● Information supplied:
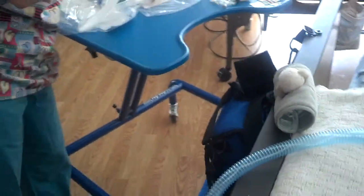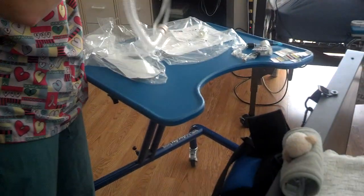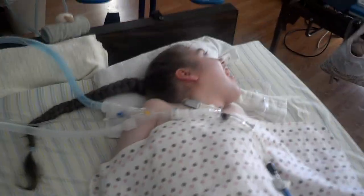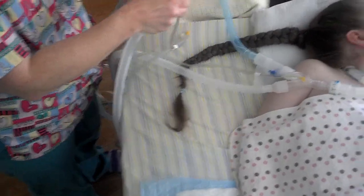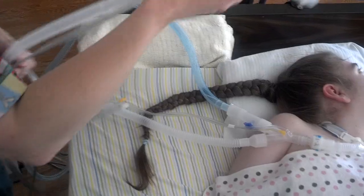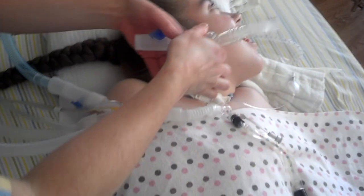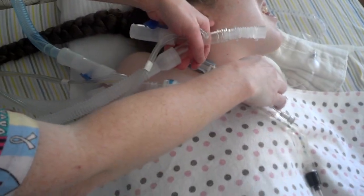Now she's going to do the white. Do you do patient end or machine end first? I do patient end. So we have the new MDI on the Y joint waiting to be attached to the blue, and she's already put the flex tube connector at the end of her Y joint.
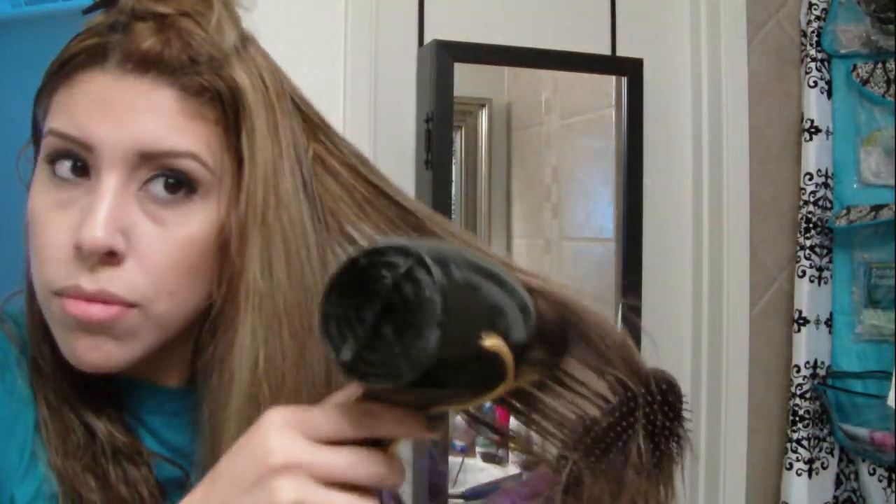As I wait for my brother to come with the extra product, I'm going to go ahead and start blow-drying, which is the next step. All you do is take a paddle brush or a vent brush and brush it out while blow-drying. You're pretty much going to finish blow-drying everything and then flat iron it.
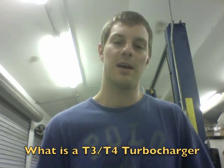Hey, it's Austin. I have some people ask me what a T3, T4 turbo is, so in this video I'm going to tell you the definition of a T3, T4 turbo.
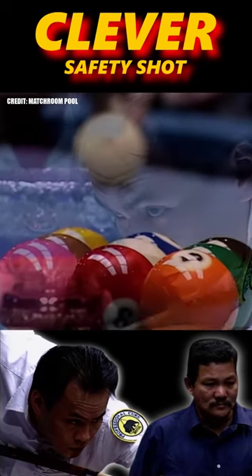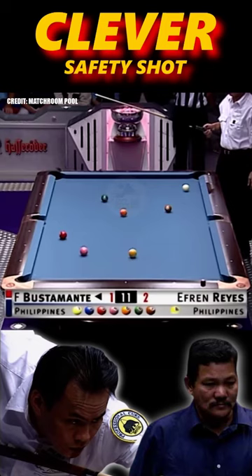Bustamante to break. Monster break. Two ball looks to be in as well. The red three. Plant on. Too risky.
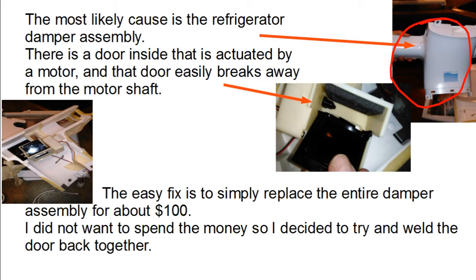Once you dig into this regulator assembly, you can see that it's full of foam and it's got channels built into the foam to channel the air around the machine. The regulator door is built into that foam, as well as the fan that drives the air through the system. That door has a little motor attached to it.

● Work item: Reprint the whole listing verbatim except for the pictures.

● Exercise result:
Now she's going to do the white. Do you do patient end or machine end first? I do patient end. So we have the new MDI on the Y joint waiting to be attached to the blue, and she's already put the flex tube connector at the end of her Y joint.
As I wait for my brother to come with the extra product, I'm going to go ahead and start blow-drying, which is the next step. All you do is take a paddle brush or a vent brush and brush it out while blow-drying. You're pretty much going to finish blow-drying everything and then flat iron it.
Hey, it's Austin. I have some people ask me what a T3, T4 turbo is, so in this video I'm going to tell you the definition of a T3, T4 turbo.
Bustamante to break. Monster break. Two ball looks to be in as well. The red three. Plant on. Too risky.
Once you dig into this regulator assembly, you can see that it's full of foam and it's got channels built into the foam to channel the air around the machine. The regulator door is built into that foam, as well as the fan that drives the air through the system. That door has a little motor attached to it.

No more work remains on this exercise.